- **PROBLEM DESCRIPTION**
From the first line of the records through the line containing "Proponiamo in vendita", retype every line exactly and nothing else.

- **MATERIAL FOR THE TASK**
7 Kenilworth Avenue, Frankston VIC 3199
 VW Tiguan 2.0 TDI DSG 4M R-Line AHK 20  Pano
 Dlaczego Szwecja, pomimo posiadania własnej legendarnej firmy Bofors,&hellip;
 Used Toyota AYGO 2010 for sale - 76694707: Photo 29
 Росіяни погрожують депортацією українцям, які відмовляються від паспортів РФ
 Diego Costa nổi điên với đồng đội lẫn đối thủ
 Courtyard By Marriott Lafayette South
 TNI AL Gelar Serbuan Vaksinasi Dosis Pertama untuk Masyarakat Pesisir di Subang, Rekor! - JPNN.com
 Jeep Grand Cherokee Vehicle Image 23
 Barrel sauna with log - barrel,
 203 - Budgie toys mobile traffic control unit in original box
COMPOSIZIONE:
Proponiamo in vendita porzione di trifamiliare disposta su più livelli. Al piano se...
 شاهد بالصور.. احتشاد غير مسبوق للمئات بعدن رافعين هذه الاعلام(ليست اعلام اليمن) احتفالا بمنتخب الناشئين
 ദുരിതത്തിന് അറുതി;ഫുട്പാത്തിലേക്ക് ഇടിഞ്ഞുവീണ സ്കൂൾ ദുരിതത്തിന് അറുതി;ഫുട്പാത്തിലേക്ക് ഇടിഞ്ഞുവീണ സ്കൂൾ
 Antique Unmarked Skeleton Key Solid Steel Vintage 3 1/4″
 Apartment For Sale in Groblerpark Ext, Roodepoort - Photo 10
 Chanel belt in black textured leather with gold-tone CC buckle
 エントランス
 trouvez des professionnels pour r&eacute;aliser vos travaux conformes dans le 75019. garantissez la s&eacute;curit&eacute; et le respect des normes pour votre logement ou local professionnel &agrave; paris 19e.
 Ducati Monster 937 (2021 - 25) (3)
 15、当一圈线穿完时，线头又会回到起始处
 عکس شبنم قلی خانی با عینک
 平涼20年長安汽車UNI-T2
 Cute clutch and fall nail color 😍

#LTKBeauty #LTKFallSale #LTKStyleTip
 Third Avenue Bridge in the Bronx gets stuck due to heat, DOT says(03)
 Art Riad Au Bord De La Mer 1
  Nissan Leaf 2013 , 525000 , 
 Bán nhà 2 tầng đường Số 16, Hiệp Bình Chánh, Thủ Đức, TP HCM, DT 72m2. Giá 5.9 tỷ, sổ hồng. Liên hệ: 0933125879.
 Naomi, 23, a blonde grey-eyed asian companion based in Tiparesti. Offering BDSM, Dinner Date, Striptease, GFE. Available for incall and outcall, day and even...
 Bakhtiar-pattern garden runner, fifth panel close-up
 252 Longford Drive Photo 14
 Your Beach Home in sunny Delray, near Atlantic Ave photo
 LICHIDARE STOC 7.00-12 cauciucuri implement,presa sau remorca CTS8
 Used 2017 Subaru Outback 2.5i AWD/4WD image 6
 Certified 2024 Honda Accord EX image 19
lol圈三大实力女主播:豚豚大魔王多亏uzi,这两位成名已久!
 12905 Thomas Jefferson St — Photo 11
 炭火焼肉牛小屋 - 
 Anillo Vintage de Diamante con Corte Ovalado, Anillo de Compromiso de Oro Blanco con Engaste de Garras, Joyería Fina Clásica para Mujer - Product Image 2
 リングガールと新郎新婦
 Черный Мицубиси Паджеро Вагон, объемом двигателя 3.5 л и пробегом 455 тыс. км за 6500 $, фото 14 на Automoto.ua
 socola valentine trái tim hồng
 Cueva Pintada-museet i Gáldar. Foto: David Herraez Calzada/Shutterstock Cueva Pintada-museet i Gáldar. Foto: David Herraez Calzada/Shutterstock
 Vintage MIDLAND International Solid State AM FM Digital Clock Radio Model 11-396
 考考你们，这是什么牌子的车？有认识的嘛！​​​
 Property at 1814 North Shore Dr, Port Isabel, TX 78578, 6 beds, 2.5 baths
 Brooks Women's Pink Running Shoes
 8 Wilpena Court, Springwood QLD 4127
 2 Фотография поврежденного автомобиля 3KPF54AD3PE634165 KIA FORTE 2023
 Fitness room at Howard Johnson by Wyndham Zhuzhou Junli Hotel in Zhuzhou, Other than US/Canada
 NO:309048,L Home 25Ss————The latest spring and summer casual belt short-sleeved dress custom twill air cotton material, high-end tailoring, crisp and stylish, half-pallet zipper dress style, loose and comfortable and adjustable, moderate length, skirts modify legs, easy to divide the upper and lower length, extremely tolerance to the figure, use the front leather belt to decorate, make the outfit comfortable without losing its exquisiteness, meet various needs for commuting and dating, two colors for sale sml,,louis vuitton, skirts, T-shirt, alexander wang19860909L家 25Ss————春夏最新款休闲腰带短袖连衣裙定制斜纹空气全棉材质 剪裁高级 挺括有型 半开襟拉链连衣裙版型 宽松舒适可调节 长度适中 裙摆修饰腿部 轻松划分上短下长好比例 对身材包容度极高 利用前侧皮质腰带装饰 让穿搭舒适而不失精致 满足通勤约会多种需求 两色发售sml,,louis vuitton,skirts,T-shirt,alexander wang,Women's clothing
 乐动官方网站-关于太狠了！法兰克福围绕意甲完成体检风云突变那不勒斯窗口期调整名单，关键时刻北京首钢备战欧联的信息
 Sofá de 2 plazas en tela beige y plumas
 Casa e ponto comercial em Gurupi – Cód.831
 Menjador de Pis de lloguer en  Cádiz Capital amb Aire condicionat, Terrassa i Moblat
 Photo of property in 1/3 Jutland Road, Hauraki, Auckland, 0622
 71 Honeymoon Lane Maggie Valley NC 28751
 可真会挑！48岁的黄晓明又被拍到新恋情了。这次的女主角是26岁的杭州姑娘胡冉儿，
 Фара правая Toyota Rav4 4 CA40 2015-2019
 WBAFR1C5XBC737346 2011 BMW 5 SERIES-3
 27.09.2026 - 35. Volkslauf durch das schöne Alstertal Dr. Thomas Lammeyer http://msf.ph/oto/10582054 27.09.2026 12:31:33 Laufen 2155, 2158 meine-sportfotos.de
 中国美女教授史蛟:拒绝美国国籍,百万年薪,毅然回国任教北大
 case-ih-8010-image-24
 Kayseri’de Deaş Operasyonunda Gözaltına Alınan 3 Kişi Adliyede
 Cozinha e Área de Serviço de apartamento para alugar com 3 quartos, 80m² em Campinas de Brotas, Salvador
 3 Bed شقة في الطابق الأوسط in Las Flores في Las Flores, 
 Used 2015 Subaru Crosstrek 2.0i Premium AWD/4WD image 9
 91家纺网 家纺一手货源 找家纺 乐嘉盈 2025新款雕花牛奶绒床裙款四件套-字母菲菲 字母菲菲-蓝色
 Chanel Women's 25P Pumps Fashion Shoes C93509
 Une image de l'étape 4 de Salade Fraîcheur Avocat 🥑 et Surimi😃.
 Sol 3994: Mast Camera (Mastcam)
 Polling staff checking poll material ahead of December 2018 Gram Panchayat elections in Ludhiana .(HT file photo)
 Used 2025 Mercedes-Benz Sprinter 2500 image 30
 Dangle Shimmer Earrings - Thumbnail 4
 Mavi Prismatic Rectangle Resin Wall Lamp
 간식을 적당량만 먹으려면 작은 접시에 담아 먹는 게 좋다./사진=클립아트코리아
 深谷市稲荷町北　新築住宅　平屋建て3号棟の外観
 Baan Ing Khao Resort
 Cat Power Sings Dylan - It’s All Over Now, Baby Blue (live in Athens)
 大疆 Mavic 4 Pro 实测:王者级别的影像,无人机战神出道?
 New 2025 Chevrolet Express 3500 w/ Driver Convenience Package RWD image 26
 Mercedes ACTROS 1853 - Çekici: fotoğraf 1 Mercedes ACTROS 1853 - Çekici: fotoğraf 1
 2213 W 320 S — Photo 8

- **RESPONSE**
7 Kenilworth Avenue, Frankston VIC 3199
 VW Tiguan 2.0 TDI DSG 4M R-Line AHK 20  Pano
 Dlaczego Szwecja, pomimo posiadania własnej legendarnej firmy Bofors,&hellip;
 Used Toyota AYGO 2010 for sale - 76694707: Photo 29
 Росіяни погрожують депортацією українцям, які відмовляються від паспортів РФ
 Diego Costa nổi điên với đồng đội lẫn đối thủ
 Courtyard By Marriott Lafayette South
 TNI AL Gelar Serbuan Vaksinasi Dosis Pertama untuk Masyarakat Pesisir di Subang, Rekor! - JPNN.com
 Jeep Grand Cherokee Vehicle Image 23
 Barrel sauna with log - barrel,
 203 - Budgie toys mobile traffic control unit in original box
COMPOSIZIONE:
Proponiamo in vendita porzione di trifamiliare disposta su più livelli. Al piano se...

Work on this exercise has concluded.